The metaphor reveals very neatly how the Jacobin theory inhibits education. In no way that is relevant to the problems of politics and education is a man similar, as Pestalozzi says he is, to a tree which is planted near fertilizing water. For the tree will never, no matter how fertilizing the water near which it is planted, grow up and take to writing treatises, as Pestalozzi did, on the education of trees and how to raise the best trees from all the little saplings. The tree will never worry about whether its little saplings are going to be planted near the most fertilizing of the waters. The educator of a tree is, in short, not another tree. The educator of a tree, the man who plants it near the fertilizing water, is a being so radically different from a tree that the tree is incapable of being aware of his existence. If, however, the tree were enough like a man to notice such things, the teacher of the trees who cultivates them would be worshipped as the god of trees.

Pestalozzi's trees are, in fact, a caricature, but a telling one, of the educational vacuum created by the Jacobin theory. The tradition of the trees is transmitted in their seed, and the older trees are unable to teach and the saplings are unable to learn. Each tree exists for itself, drawing what it can from the fertilizing waters if they happen to be there. Now if human education is founded upon this notion, it must fail to transmit the moral system, indeed the psychic structure, of a civilized society. Relying upon the inherent rightness of the natural impulses of man's first nature, the Jacobin theory does away with the second civilized nature, with the ruler of the impulses, who is identified with the grand necessities of the commonwealth.

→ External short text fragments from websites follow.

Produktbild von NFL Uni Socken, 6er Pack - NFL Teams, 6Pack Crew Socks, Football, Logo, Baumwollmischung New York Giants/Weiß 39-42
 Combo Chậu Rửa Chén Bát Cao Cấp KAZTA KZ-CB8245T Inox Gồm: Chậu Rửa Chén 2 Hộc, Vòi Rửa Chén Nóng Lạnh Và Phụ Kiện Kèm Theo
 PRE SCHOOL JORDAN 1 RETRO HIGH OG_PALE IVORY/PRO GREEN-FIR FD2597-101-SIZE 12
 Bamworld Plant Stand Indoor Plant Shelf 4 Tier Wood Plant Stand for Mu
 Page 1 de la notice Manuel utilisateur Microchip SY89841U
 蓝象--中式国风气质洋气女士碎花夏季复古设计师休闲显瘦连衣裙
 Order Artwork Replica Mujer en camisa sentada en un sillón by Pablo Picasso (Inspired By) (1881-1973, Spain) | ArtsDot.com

It overthrows the ruler within each man, -- he who exercises 'the royal and politic rule' over his 'irascible and concupiscible powers.'

When reason no longer represents society within the human psyche, then it becomes the instrument of appetite, desire and passion. As William Godwin said in 1798: 'Reason is wholly confined to adjusting the comparison between the different objects of desire and investigating the most successful mode of attaining those objects.' More than a hundred years later (1911) Prof. William MacDougal put it this way: 'The instinctive impulses determine the end of all activities, and ...all the complex intellectual apparatus of the most highly developed mind is but ...the instrument by which those impulses seek their satisfactions ....' Or, as Bernard Shaw has it, 'Ability to reason accurately is as desirable as ever, since it is only by accurate reasoning that we can calculate our actions so as to do what we intend to do -- that is, to fulfill our will.'

If it is the role of reason merely to be an instrument of each man's career, then the mission of the schools is to turn out efficient careerists. They must teach the know-how of success, and this--seasoned with the social amenities and some civic and patriotic exhortation-- is the subject matter of education. The student elects those subjects which will presumably equip him for success in his career. The rest are superfluous. There is no such thing as a general order of knowledge and a public philosophy, which he needs to possess.